I don’t claim to be a paella expert (although I’m very good at eating it). I do however love any piece of cookware or dish that is delicious and has a rich history.
Today, I’ll be using my professional experience with paella as well as hours of research to help you better understand and choose the best paella pan.
In This Article
Our Top Picks
Best Stainless Steel Option
Detailed Reviews Of The Top-Rated Paella Pans
I know that paella is a Spanish dish and that Spain makes a mighty fine paella pan. But, the French maker Matfer Bourgeat is one of the best when it comes to carbon steel cookware and their paella pan is hard to beat. And don’t worry, Spain dominates the rest of my picks.
There are a few things about the Matfer Bourgeat paella pan that stray from the traditional Spanish design. But, they are all things that make this the best paella pan for home use.

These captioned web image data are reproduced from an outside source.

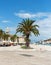 Shot of a seafront promenade under palm trees in idyllic coastal town of Trogir in Croatia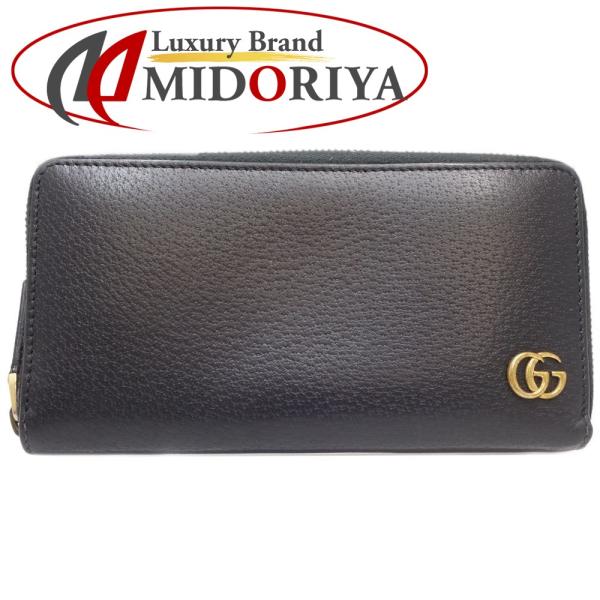 グッチ GUCCI ジップアラウンドウォレット GGマーモント 428736 長財布 レザー ブラック 083699【中古】 :083699:MIDORIYA 通販 グッチ GUCCI ジップアラウンドウォレット GGマーモント 428736 長財布 レザー ブラック 083699
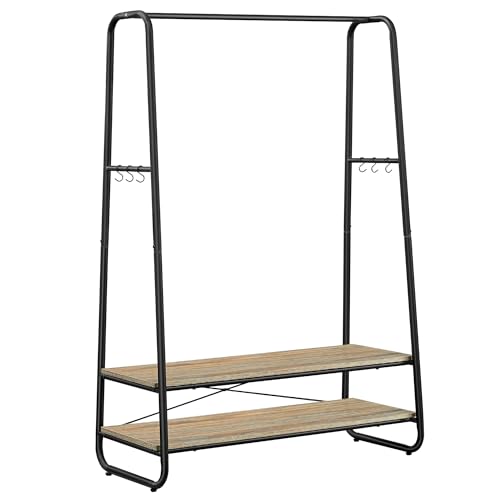 VASAGLE Clothes Rail, Heavy-Duty Clothes Rack, 2 Shelves, Steel Frame - Tidy Rail, 6 S-Hooks, for Bedroom, Contemporary, Matte Black and Rustic Brown, COLTEN Collection RGR112K01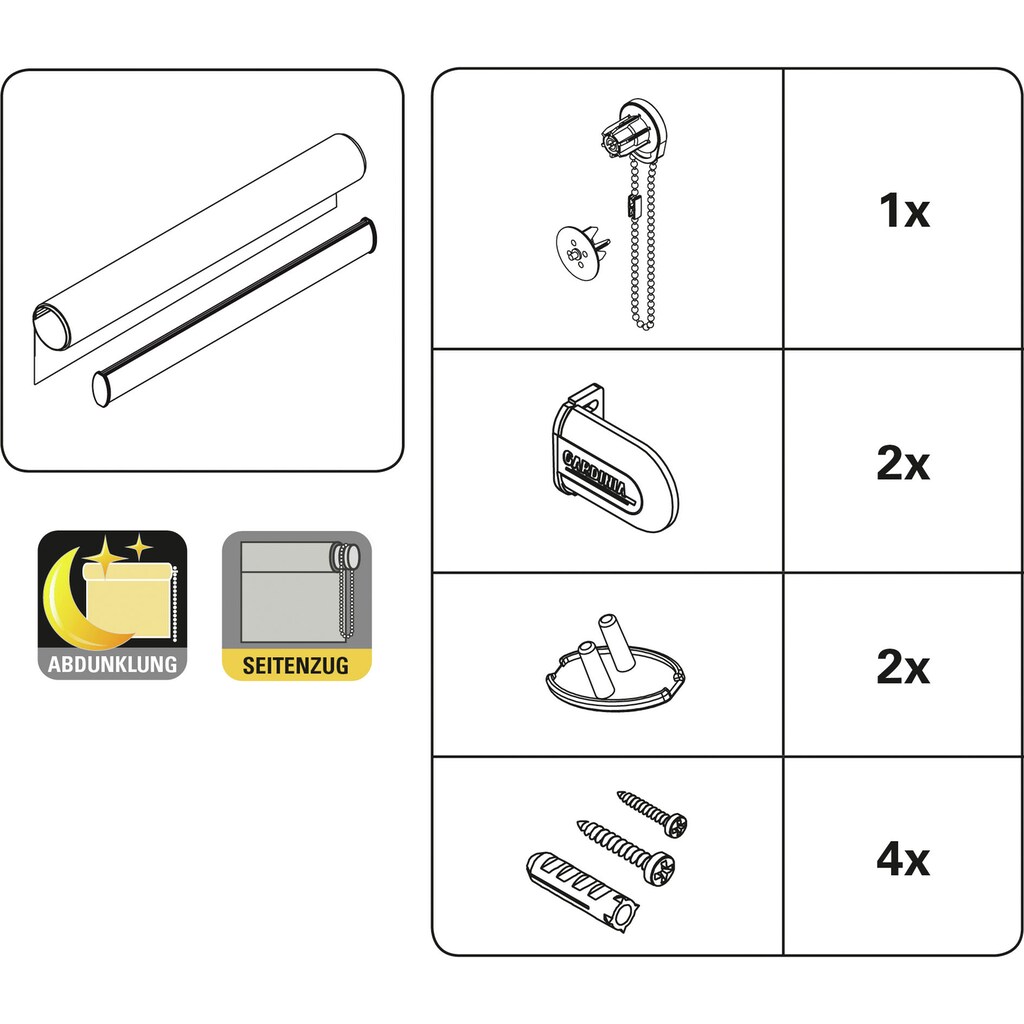 GARDINIA Seitenzugrollo »Uni-Rollo Abdunklung«, verdunkelnd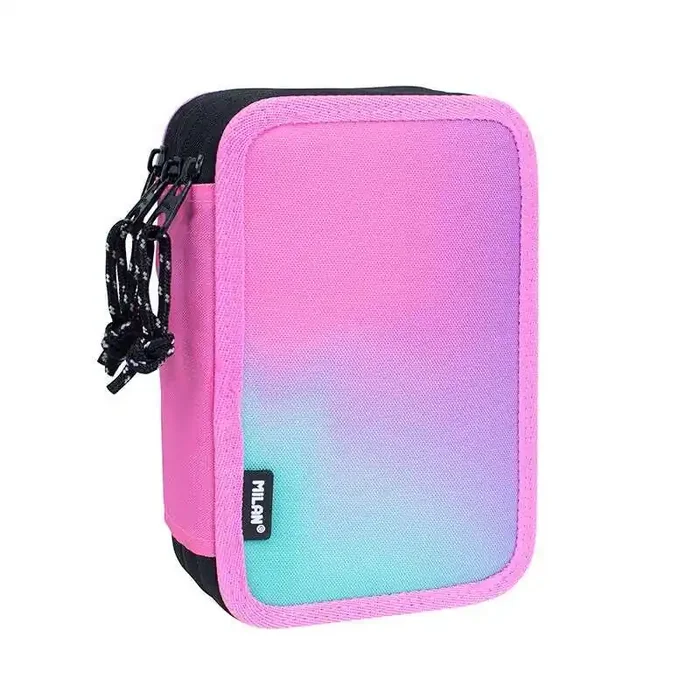 Milan Sunset Plumier de 3 Pisos con Goma de Borrar, Sacapuntas, Lapiz, 3 Boligrafos Capsule, Regla, 12 Lapices de Colores, 6 Lapices de Colores Metalizados, 5 Fluorescentes, Tijeras y 18 Rotuladores – Color Rosa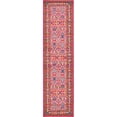 thumbnail image 1 of 2.5' x 10' Fuchsia Pink and Yellow Bohemian Floral Rectangular Rug Runner, 1 of 8
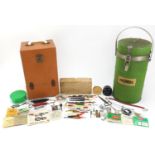 Vintage items including a Brexton tackle box a large thermos cooler :For Further Condition Reports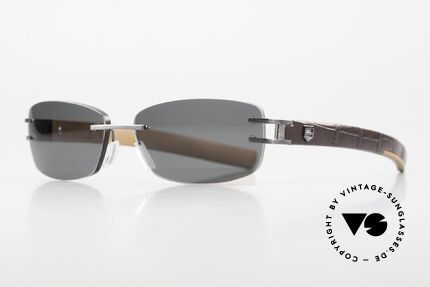 Tag Heuer L-Type 0115 Randlose Luxus Sonnenbrille, Farb-Code 002 = Ruthenium beschichtetes Metall, Passend für Herren und Damen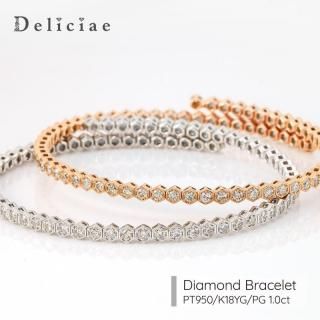 Deliciae デリシェ ダイヤモンド ハーフエタニティリング ミル打ち留め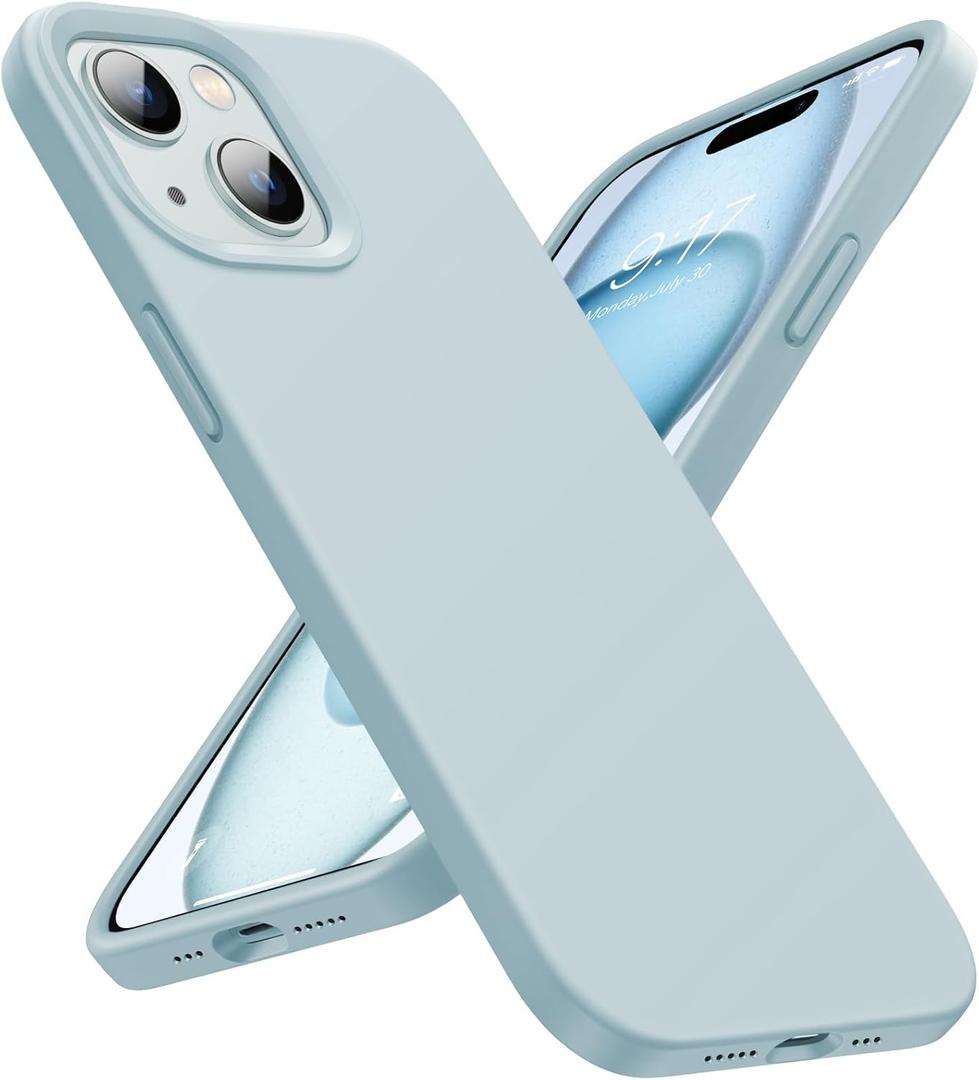 Designed for iPhone 15 Case, Silicone Phone Case [Military Grade Drop Protection] [Anti-Scratch Microfiber Lining] Silicone Ultra Slim Cover Shockproof Phone Cases 6.1 Inch, Sky Blue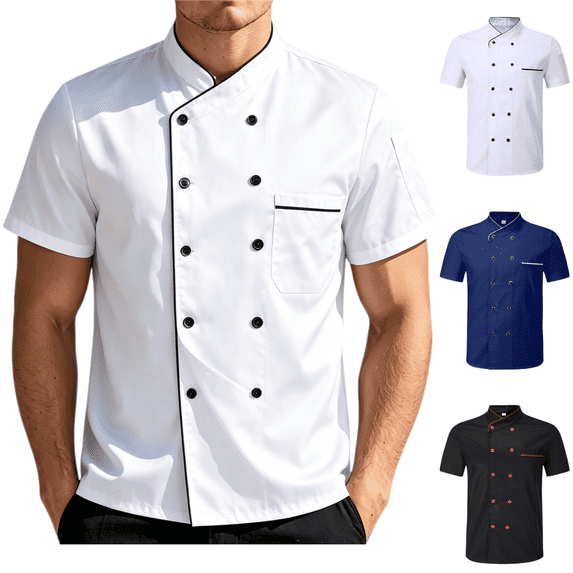LRGSHF Chef Shirt Women Men Lightweight Unisex Short Sleeve Kitchen Work Breathable Clothes Stretch Soft Chef Tops
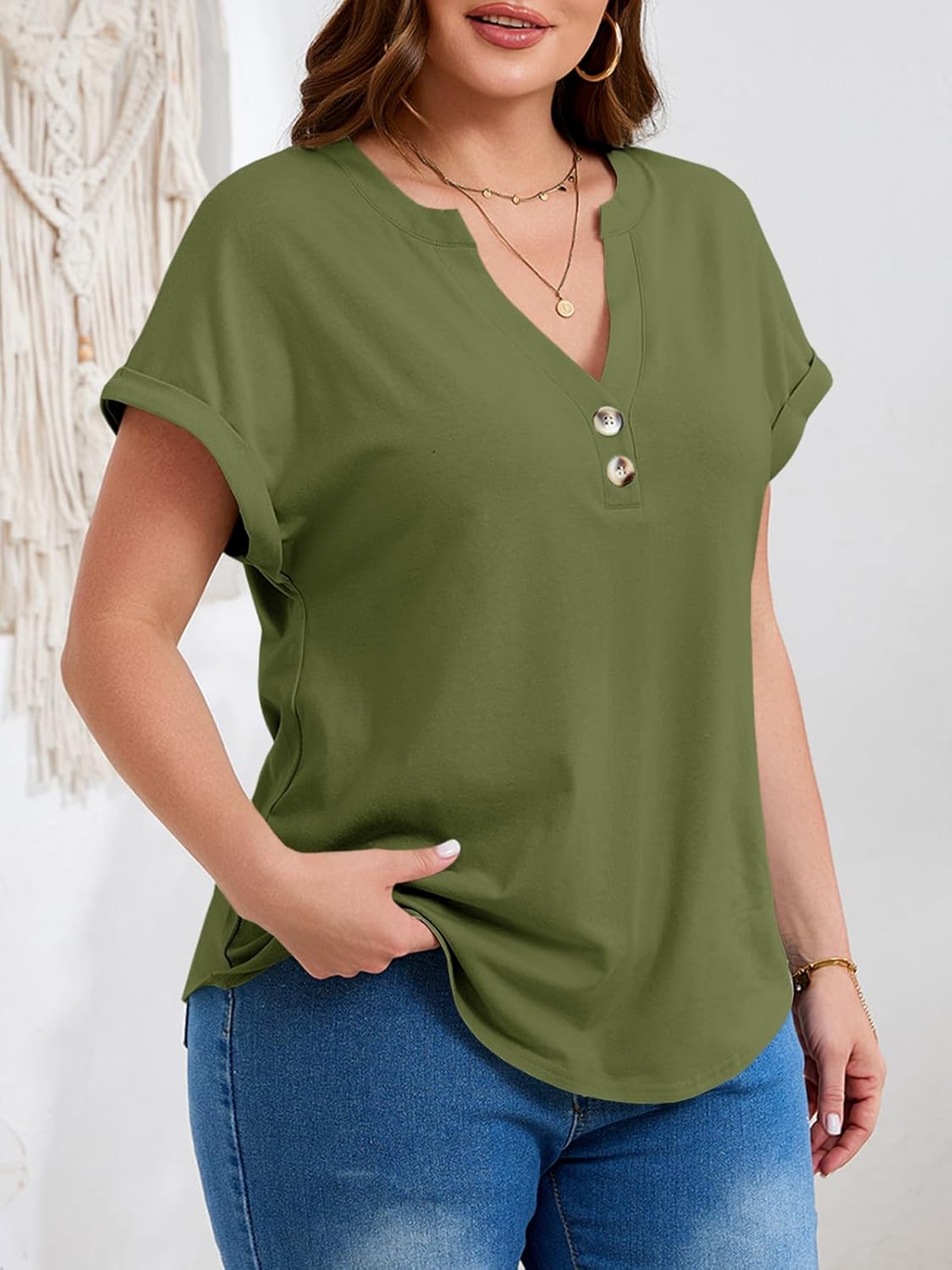 Beautife Womens Plus Size Short Sleeve Henley Tops Summer Button V Neck Blouses 2026 Dressy Casual Loose T Shirts - Image 5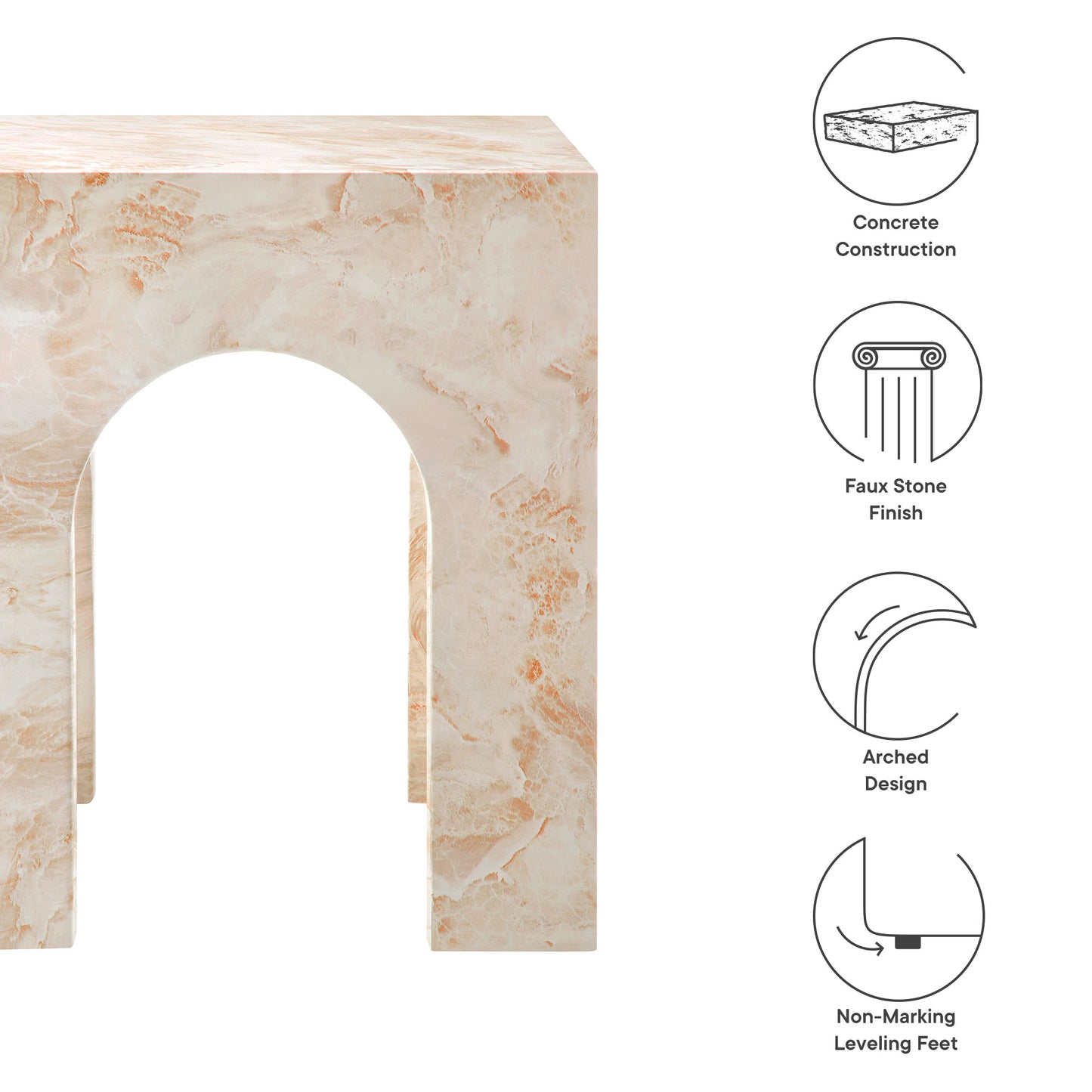 Valen Square Indoor - Outdoor Patio Arched Concrete Side Table in Honey Onyx by Modway (7098)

First is the thickness of the carbon steel. This pan is thicker and heavier than a classic Spanish carbon steel paella pan. That does mean that it takes a little longer to heat up and react to temperature changes, but only by a smidge.
It’s this heavy-duty construction that gives better heat distribution than the thinner versions. That makes it a little more forgiving when it comes to scorching ingredients while cooking. And, makes it easier to achieve an impressive socarrat across the entire bottom of the pan.
The thicker carbon steel also makes this a great pan for a variety of dishes beyond paella. Steaks, eggs, and pancakes are just a few things that come to mind. The thin, traditional pans often heat unevenly and too quickly, making them less useful for anything besides paella.
Next is the non-dimpled base. The dimpled base is traditionally used to help cook paella more evenly and also maintain the rigidity of the pan while cooking. The dimples don’t pose an issue unless you plan to cook using induction.
The flat bottom of the Matfer Bourgeat paella pan makes it usable on any cooktop including induction cooktops. And, because of the thick-gauge carbon steel, you don’t have to worry about the pan heating unevenly or warping, even when exposed to very high temperatures.
The last feature that strays from tradition is the welded handles. Instead of the customary handles that stick straight out to the side, this pan’s handles are steeply angled up. This makes them easier to grab and especially useful when cooking over hot coals or an open fire.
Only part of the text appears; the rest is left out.